== TASK TO COMPLETE ==
Show each line from the records below in which the word "type" occurs.

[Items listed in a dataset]
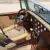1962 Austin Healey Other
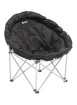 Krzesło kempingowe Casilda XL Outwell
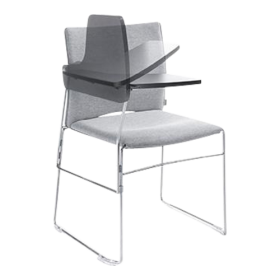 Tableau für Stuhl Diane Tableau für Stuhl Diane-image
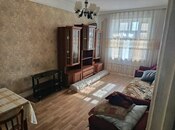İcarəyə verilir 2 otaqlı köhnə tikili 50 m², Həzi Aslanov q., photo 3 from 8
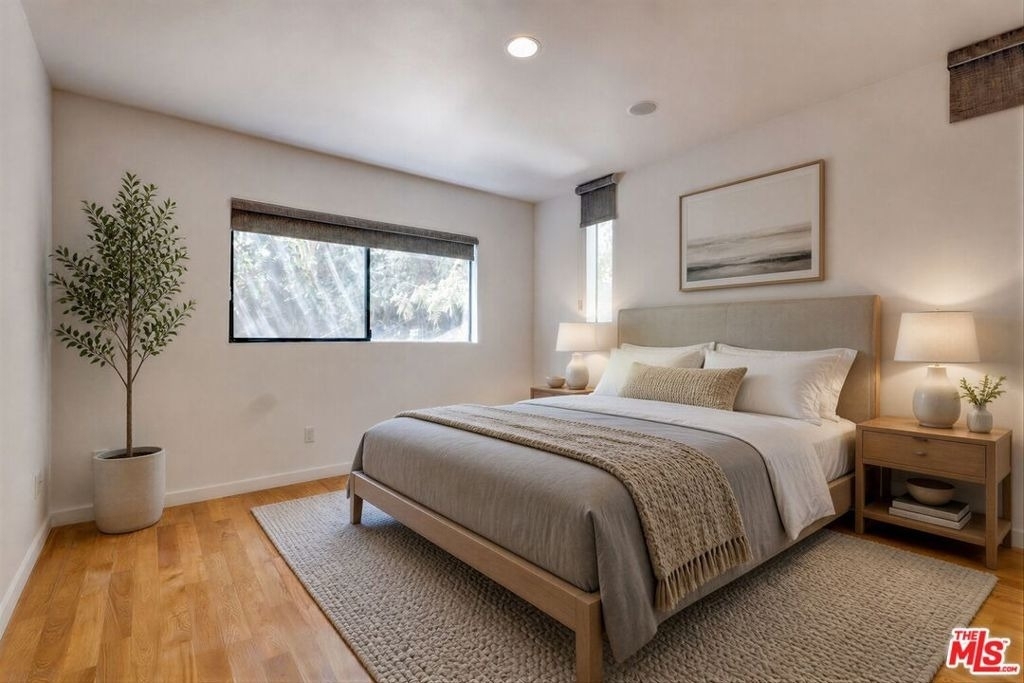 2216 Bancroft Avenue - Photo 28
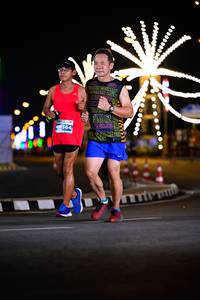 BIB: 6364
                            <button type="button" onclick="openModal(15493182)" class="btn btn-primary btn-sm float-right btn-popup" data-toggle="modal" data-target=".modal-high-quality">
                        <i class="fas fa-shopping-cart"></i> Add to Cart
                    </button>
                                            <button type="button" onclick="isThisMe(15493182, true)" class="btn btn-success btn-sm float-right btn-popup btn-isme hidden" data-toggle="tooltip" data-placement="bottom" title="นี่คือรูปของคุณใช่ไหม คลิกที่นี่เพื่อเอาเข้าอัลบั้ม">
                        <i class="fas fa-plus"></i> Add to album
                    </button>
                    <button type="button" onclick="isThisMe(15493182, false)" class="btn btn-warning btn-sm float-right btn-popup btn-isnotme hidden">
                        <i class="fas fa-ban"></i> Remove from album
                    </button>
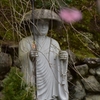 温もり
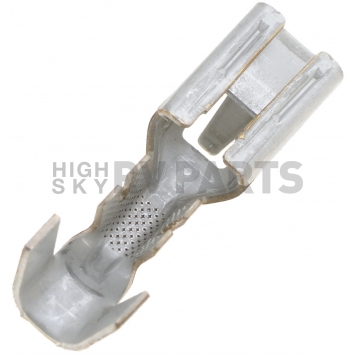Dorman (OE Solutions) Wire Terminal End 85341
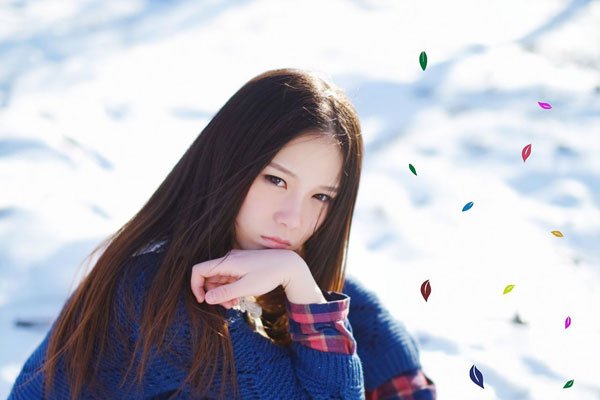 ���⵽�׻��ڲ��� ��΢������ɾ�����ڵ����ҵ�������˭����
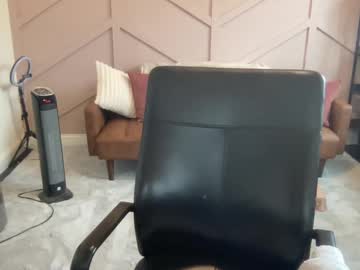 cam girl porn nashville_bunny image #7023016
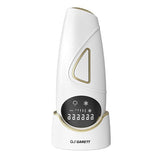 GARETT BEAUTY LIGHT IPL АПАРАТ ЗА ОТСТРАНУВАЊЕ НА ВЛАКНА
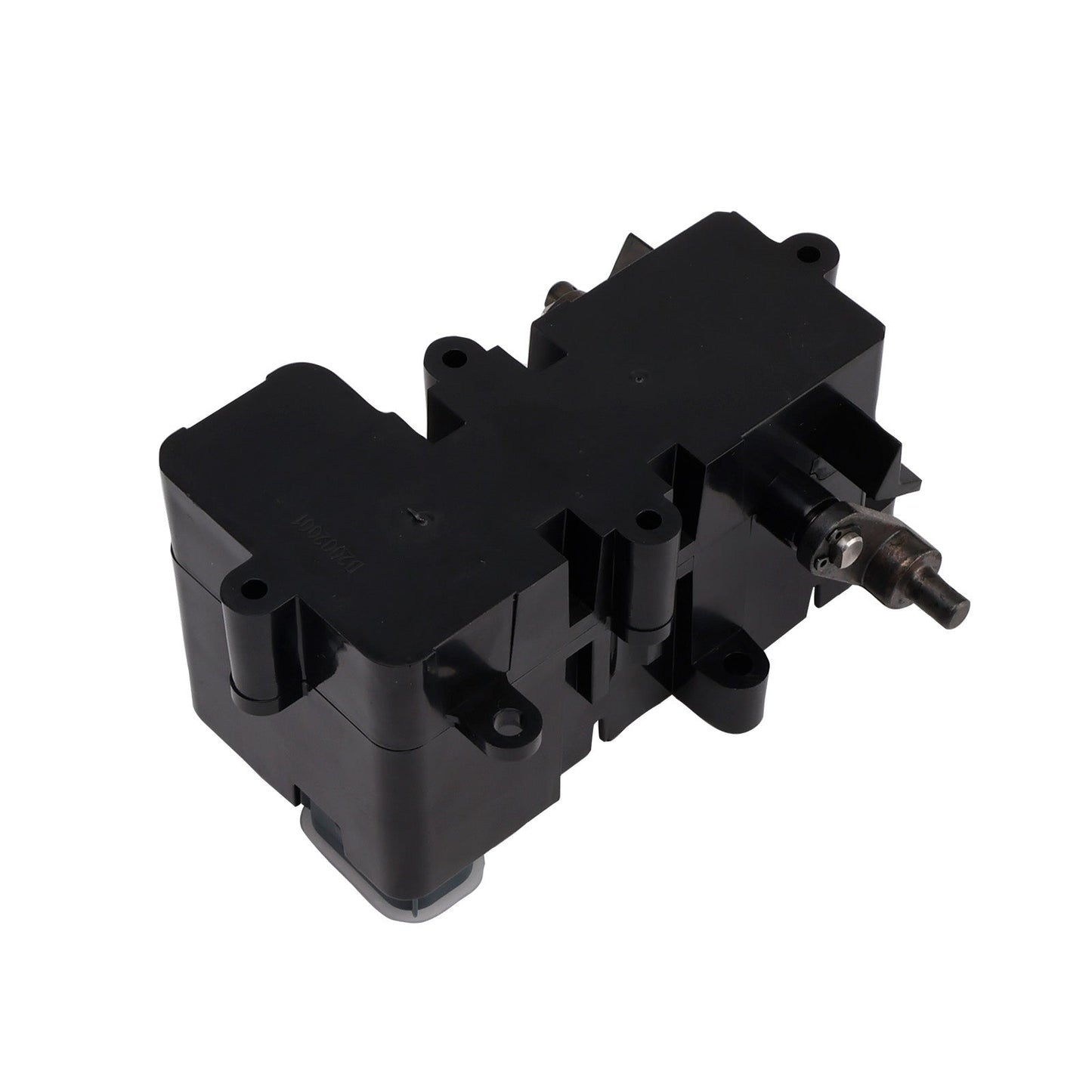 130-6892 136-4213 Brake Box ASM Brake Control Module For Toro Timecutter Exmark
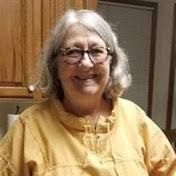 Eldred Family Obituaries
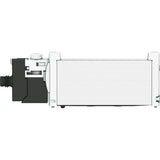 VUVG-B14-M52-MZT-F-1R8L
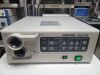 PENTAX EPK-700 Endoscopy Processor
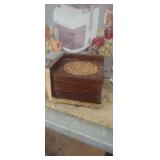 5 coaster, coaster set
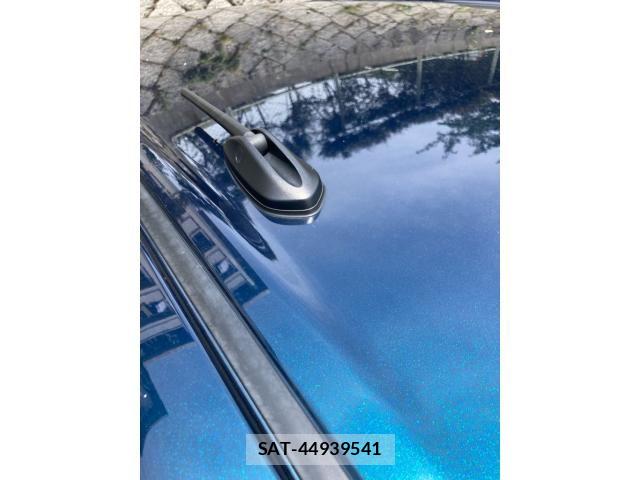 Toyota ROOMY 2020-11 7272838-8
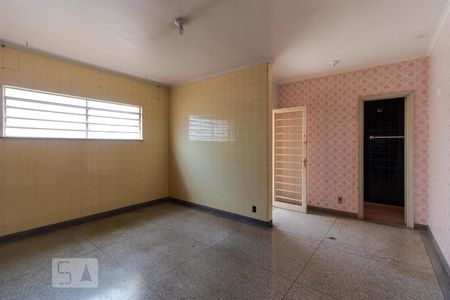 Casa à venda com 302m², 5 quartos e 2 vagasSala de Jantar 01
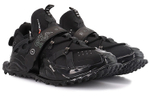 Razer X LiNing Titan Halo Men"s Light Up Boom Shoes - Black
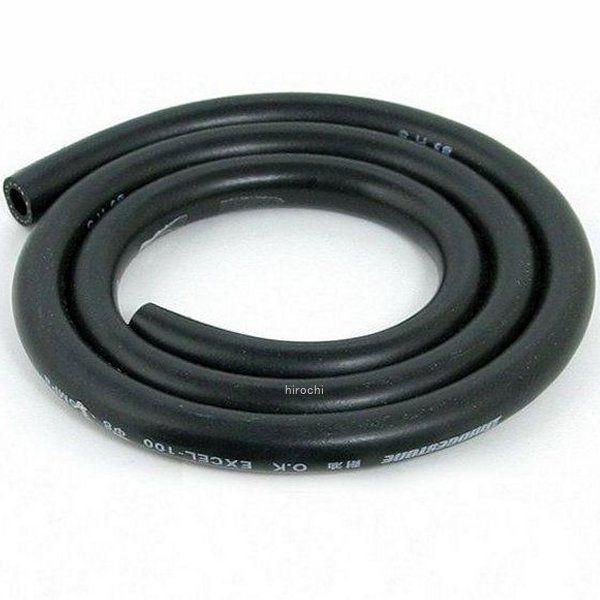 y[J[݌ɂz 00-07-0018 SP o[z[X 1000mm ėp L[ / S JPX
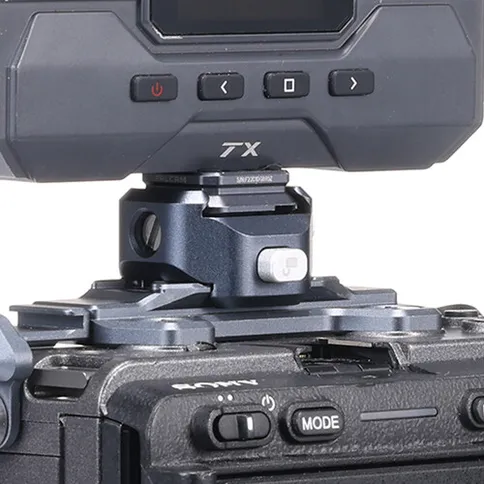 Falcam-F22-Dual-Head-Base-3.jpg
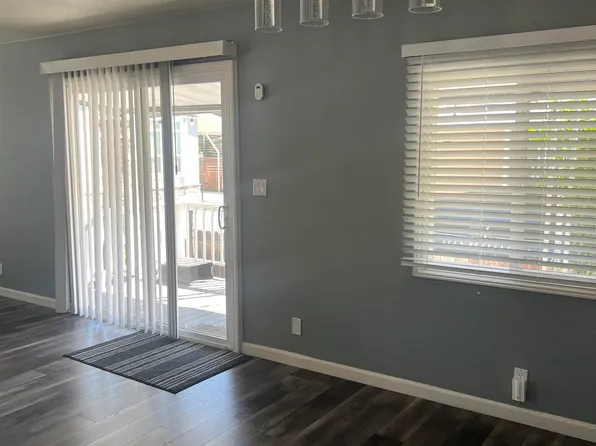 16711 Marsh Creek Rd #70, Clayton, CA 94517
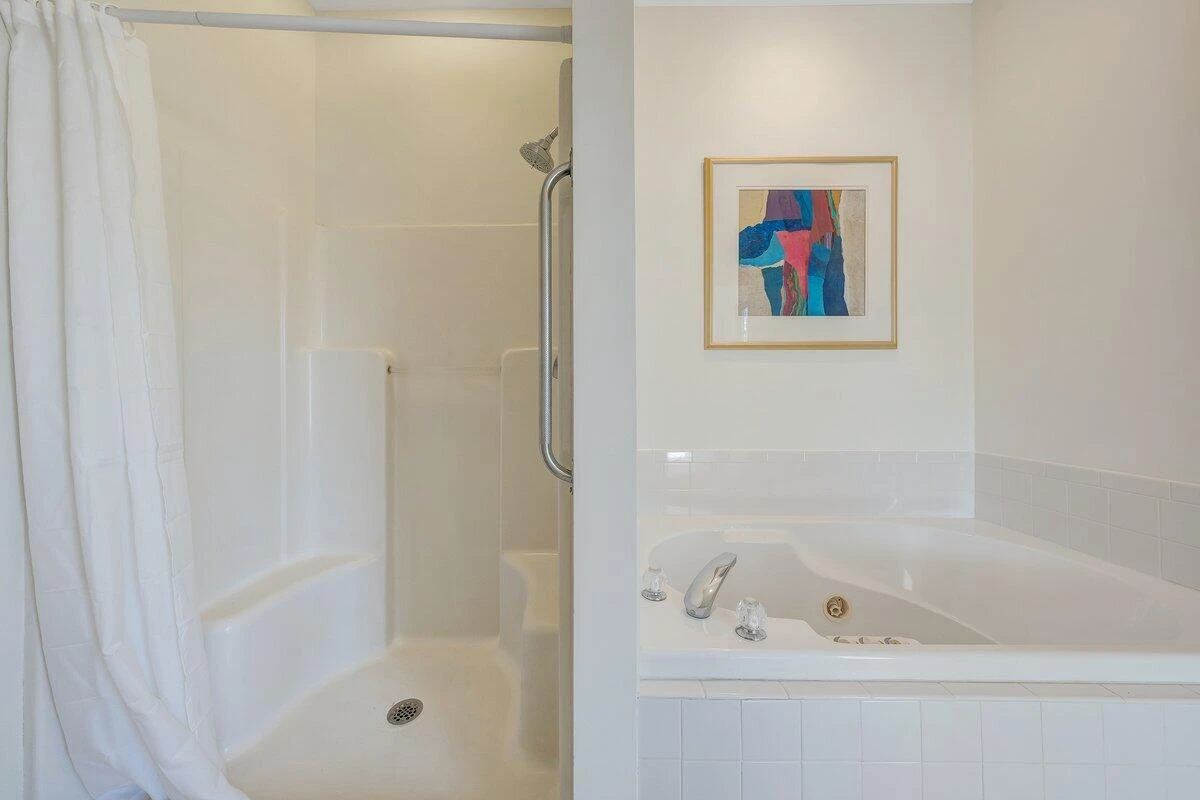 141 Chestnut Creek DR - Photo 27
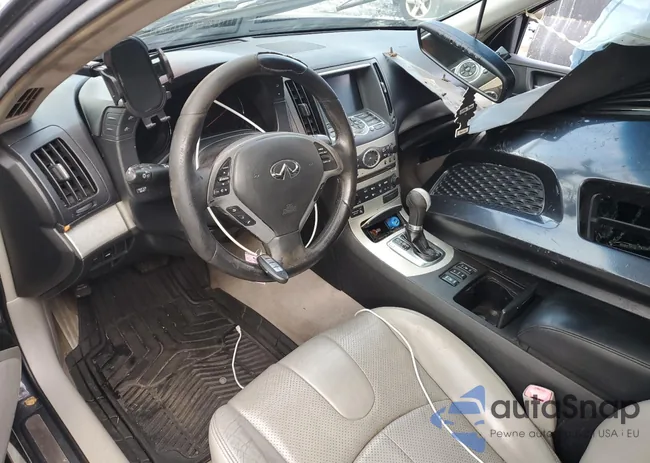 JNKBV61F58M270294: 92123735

== OUTPUT FOR THIS EXERCISE ==
                            <button type="button" onclick="openModal(15493182)" class="btn btn-primary btn-sm float-right btn-popup" data-toggle="modal" data-target=".modal-high-quality">
                                            <button type="button" onclick="isThisMe(15493182, true)" class="btn btn-success btn-sm float-right btn-popup btn-isme hidden" data-toggle="tooltip" data-placement="bottom" title="นี่คือรูปของคุณใช่ไหม คลิกที่นี่เพื่อเอาเข้าอัลบั้ม">
                    <button type="button" onclick="isThisMe(15493182, false)" class="btn btn-warning btn-sm float-right btn-popup btn-isnotme hidden">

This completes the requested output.